When the speech was over, I couldn’t know if I’d succeeded in getting the thousand business leaders there to agree with me, but I felt that they had listened and at least were wrestling with the problems of our global interdependence and their own obligations to create a more unified world. What the movers and shakers of the world needed was a shared vision. When good people with energy act on a shared vision, most of the problems get worked out.
Back home, it was time for my last National Prayer Breakfast. Joe Lieberman, the event’s first Jewish speaker, gave a fine talk on the values common to all faiths. I discussed the practical implications of his remarks: if we are admonished not to turn away strangers, to treat others as we would like to be treated, and to love our neighbors as ourselves, “who are our neighbors, and what does it mean to love them?” If we were virtually the same genetically, and our world was so interdependent that I had a cousin in Arkansas who played chess twice a week on the Internet with a man from Australia, we obviously had to broaden our horizons in the years ahead.

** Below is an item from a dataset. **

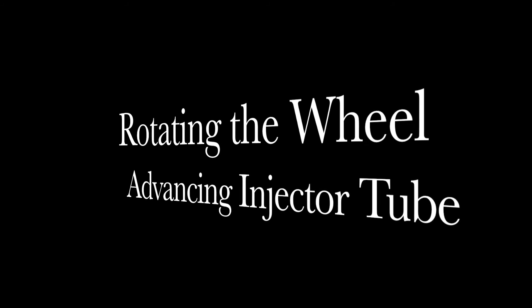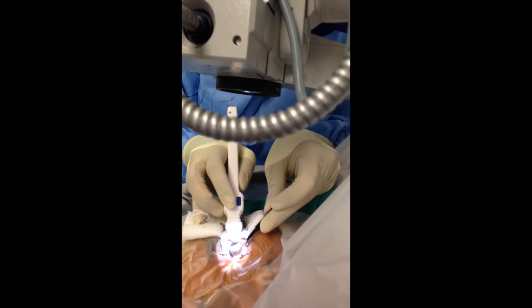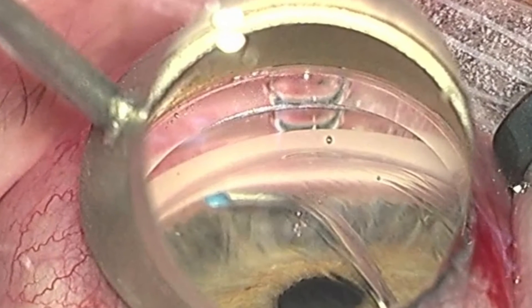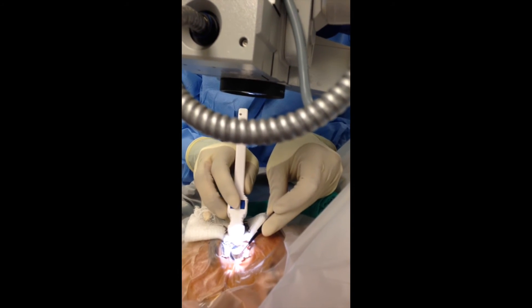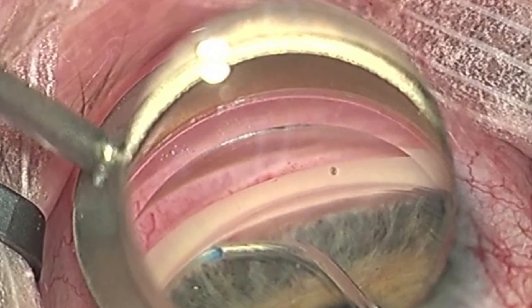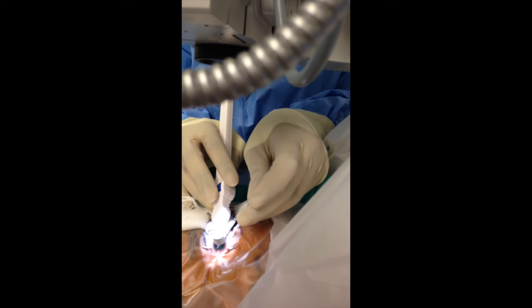Next I will show how I rotate the wheel and advance the injector tube and retract it. With the tip in proper placement, the wheel is dialed in one direction, thus advancing the tube into Schlemm's canal, and then the dial is retracted in order to allow viscoelastic to be placed into Schlemm's canal to dilate it, as well as the outflow channels.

The direction of those years, of course, would be shaped by the outcome of this year’s election. Al Gore and George W. Bush had both won handily in Iowa, as expected. Then the campaign moved on to New Hampshire, where voters in both parties’ primaries delight in upsetting expectations. Al’s campaign had gotten off to a rocky start, but when he moved his campaign headquarters to Nashville and began doing informal town hall meetings in New Hampshire, he really started connecting with voters, got better press coverage, and pulled ahead of Senator Bradley. After the State of the Union, in which I featured some of his important accomplishments, he picked up a few more points in the “bounce” we always received from the speech. Then Bradley began to attack him harshly. When Al didn’t respond, Bradley cut into his lead, but Al held on to win 52–47 percent. After that, I knew he was home free for the nomination. He was going to carry the South and California big, and I thought he would do well in the large industrial states, too, especially after the AFL-CIO endorsed him.